Après avoir grandi et étudié en Suisse, où sa famille avait fui l’occupation soviétique, Hamida est repartie vivre quinze ans en Afghanistan. D’abord comme reporter, en 2002. « Mais je ne pouvais pas me contenter de cela, se souvient-elle. Je voulais m’impliquer dans le développement local, créer des emplois. Il y avait alors beaucoup d’espoir pour que les choses changent dans le pays. » Elle se lance dans la formation de journalistes puis crée une agence de communication audiovisuelle. Naîtra ensuite en 2012 une radio pour les jeunes. « Puis je suis revenue en Europe pour élever mes enfants près de ma famille », explique Hamida, qui poursuit néanmoins les allers-retours et ses activités au pays.
À Paris, les cinq animatrices et journalistes de la télévision sont réfugiées, ainsi que les deux techniciens qui accompagnent la diffusion des programmes. « J’étais actrice de cinéma », explique Marina Golbahari, 33 ans, qui anime désormais un talk-show et une émission consacrée à la musique sur Begum TV. Inimaginable désormais au pays. « Je suis arrivée en France dès 2015, rembobine Marina. Car déjà à l’époque je subissais la pression des Talibans. » Golalai, 24 ans, est elle arrivée en 2021. Elle travaillait dans les médias kaboulis. « J’ai même interviewé le chef des Talibans juste après son arrivée au pouvoir, j’étais la première femme à le faire, se souvient-elle. À l’époque, il disait qu’il réfléchissait à ce que le régime allait faire au sujet des femmes. »

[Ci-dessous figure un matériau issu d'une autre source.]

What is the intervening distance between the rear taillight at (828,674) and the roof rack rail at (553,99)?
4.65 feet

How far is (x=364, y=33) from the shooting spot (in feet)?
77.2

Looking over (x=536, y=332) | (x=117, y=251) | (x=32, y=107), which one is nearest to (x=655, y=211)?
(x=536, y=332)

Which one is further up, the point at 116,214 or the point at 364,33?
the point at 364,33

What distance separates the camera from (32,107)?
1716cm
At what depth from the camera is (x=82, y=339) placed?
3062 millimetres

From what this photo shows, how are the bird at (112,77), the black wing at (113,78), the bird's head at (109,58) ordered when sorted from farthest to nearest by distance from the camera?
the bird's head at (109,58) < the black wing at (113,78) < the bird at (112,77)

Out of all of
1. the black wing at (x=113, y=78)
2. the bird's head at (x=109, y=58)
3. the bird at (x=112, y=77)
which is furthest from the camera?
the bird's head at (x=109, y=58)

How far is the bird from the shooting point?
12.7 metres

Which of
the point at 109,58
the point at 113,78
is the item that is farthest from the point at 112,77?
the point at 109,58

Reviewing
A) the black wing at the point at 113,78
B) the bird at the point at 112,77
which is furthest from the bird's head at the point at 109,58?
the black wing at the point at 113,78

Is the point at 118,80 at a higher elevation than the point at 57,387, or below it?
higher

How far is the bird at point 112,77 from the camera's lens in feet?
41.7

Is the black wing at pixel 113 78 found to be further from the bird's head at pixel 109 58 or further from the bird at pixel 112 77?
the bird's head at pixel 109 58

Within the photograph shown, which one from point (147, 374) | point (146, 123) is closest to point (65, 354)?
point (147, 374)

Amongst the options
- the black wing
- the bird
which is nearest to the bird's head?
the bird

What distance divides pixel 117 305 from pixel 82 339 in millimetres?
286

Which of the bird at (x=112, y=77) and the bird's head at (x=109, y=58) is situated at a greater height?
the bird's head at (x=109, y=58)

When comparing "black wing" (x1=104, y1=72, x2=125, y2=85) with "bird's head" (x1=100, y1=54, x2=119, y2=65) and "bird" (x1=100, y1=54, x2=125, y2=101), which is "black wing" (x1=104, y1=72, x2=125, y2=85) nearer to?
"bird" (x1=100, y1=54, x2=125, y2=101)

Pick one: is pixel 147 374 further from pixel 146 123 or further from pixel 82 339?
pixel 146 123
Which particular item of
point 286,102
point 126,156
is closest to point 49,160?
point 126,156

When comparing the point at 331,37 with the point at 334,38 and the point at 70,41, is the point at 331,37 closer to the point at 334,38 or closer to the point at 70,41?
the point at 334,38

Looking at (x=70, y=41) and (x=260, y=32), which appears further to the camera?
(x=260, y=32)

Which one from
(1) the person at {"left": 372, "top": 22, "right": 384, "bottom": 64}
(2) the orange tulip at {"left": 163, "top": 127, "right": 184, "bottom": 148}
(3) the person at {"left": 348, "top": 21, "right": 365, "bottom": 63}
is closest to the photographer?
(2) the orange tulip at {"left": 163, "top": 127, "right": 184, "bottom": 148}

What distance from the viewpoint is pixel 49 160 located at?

Un vivier d’intellectuelles réfugiées
Après avoir trouvé refuge en France, toutes deux ont travaillé dans la restauration. Marina a aussi tourné dans trois courts-métrages. Puis le projet de Begum TV est venu leur ouvrir d’autres perspectives. « Quand on a décidé de lancer une chaîne de télévision, nous avons mis des petites annonces pour recruter nos animatrices, résume Hamida. Je savais qu’il y avait un vivier d’artistes et de journalistes installées dans l’Hexagone. »
Les recrues viennent de différentes villes, en fonction des centres d’accueil des demandeurs d’asile, dans lesquels elles ont d’abord été logées. Trouver un logement pour se rapprocher de Paris n’a pas été facile et beaucoup habitent encore en lointaine banlieue. « C’est d’ailleurs la raison pour laquelle nous voulions des locaux dans le nord de Paris, observe Hamida. Pas trop loin des gares du Nord et de Saint-Lazare. »
Malgré les difficultés de l’exil et la difficulté à vivre seules, pour les jeunes femmes, retrouver une telle situation, alors que beaucoup parlent encore peu français, est un vrai soulagement. « C’est vraiment super de travailler ici, pour nos sœurs, explique Marina. En Afghanistan, elles doivent rester à la maison. Je veux faire en sorte qu’elles se sentent mieux. » S’émanciper ici pour mieux aider là-bas, un beau projet que Golalai, elle, travaille à compléter par un livre. « Dedans, je me demande pourquoi les hommes afghans ne veulent pas que les femmes soient libres. » Une vraie question et un problème de taille que Begum TV s’attache à compenser.